2005年08月30日(火) |
三村一族と備中兵乱34 |
十二、 明禅寺合戦 備中の松山城では、家親の喪が明けた永禄九年(1566)四月重臣達が集まって家親の弔い合戦のことを協議した。家親には嫡男四人と庶腹の男子二人の他女子三人が残された。嫡男は長男元祐、次男元親、三男元範、四男実親である。他に庶子としては出家した河西入道と三村忠秀がいる。女子は長女が幸山城(都窪郡山手村西郡)城主石川久式の正室、次女が月田山城(真庭郡勝山町月田)城主楢崎元兼の正室、三女が常山城(玉野市字藤木)城主上野隆徳の正室となった鶴姫である。 長男元祐は知勇兼備の将といわれた父家親の性格をもっともよく受け継いだ人物といわれ、父家親が猿掛け城の荘為資を攻撃したとき勝負がつかず、毛利氏の斡旋で荘氏の養子となり、永禄二年から猿掛け城主に納まっていた。毛利氏の戦いには数多く参戦し勇名を轟かせた。 備中の松山城を相続したのは次男の元親である。元親以下三男、四男はまだ若輩であった。 「亡き殿の喪も明けたことだし弔い合戦をしよう。
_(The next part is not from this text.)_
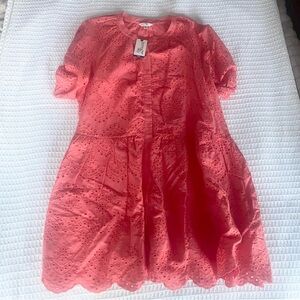 Terra & Sky short sleeve mini Dress in Coral Eyelet 100% cotton NWT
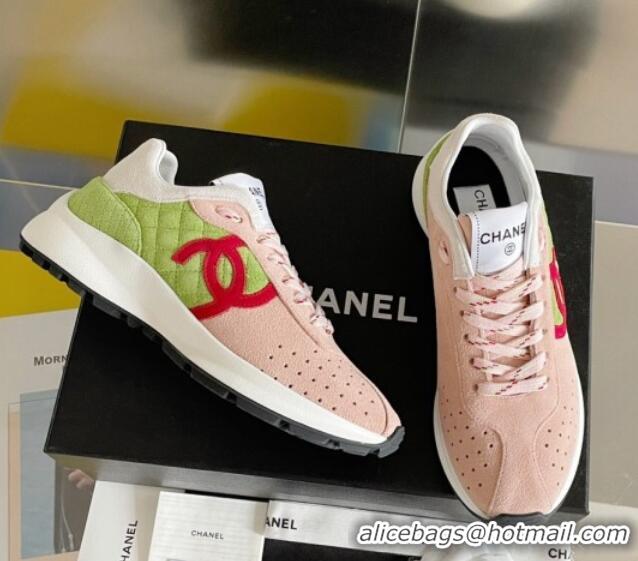 Lower Price Chanel Suede Sneakers G39074 Pink/Green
われら三村家は備中の名門である。亡き殿は備中の虎といわれ、その武名を天下に轟かせた智勇兼備で、有徳の名将でおわした。それにひきかえ備前の宇喜多直家は浮浪者あがりで岳父を騙し討ちして沼城主となった没義道な男である。まともに戦えば勝てないことが判っている家親の殿を卑劣にも鉄砲で闇討ちした男である。一刻も早く、備中へ攻め入って仇討ちをしましょうぞ」 と強硬に弔い合戦を主張したのは三村五郎兵衛であつた。 「偉大な殿が亡くなられた今、徒に血気にはやるのは如何なものか。敵の思う壺じゃと思わぬか。ここは一族で結束を固め、若い元親元範、実親の三兄弟をもりたてていくことが肝要じゃ。御兄弟が成人なさってから一戦を交わえるべきじゃ」 と当主が若いことを理由に時期尚早論を述べたのは、元親の叔父孫兵衛親頼である。 親頼は三村氏が松山城へ入城した後、成羽の鶴首城を預かっていたのであるが、バランス感覚には優れたものを持っており、家親の良き参謀役であった。 意見は即戦論と時期尚早論に別れたが、並みいる家臣達の多くが親成の時期尚早論を支持した。 軍議も意見が出尽くして終盤になった頃、五郎兵衛は立ち上がって言った。 「成るほど大方の諸君が言われるように若い三兄弟を育てあげてからことに当たるというのは正論じゃろう。しかしながら、私は皆も知っての通り、愚昧なため忠義だけで生きてきたような男じゃ。私が生き延びても御兄弟の育成には少しもお役にたてることはないじゃろう。さればこそ、死して亡き家親殿に忠義を励もうと決意したんじゃ。皆は生き長らえて御兄弟の養育育成に功績をたてんさりゃぁよかろう。今生の別れですらあ」 と言って深々と一礼すると軍議の席から退出した。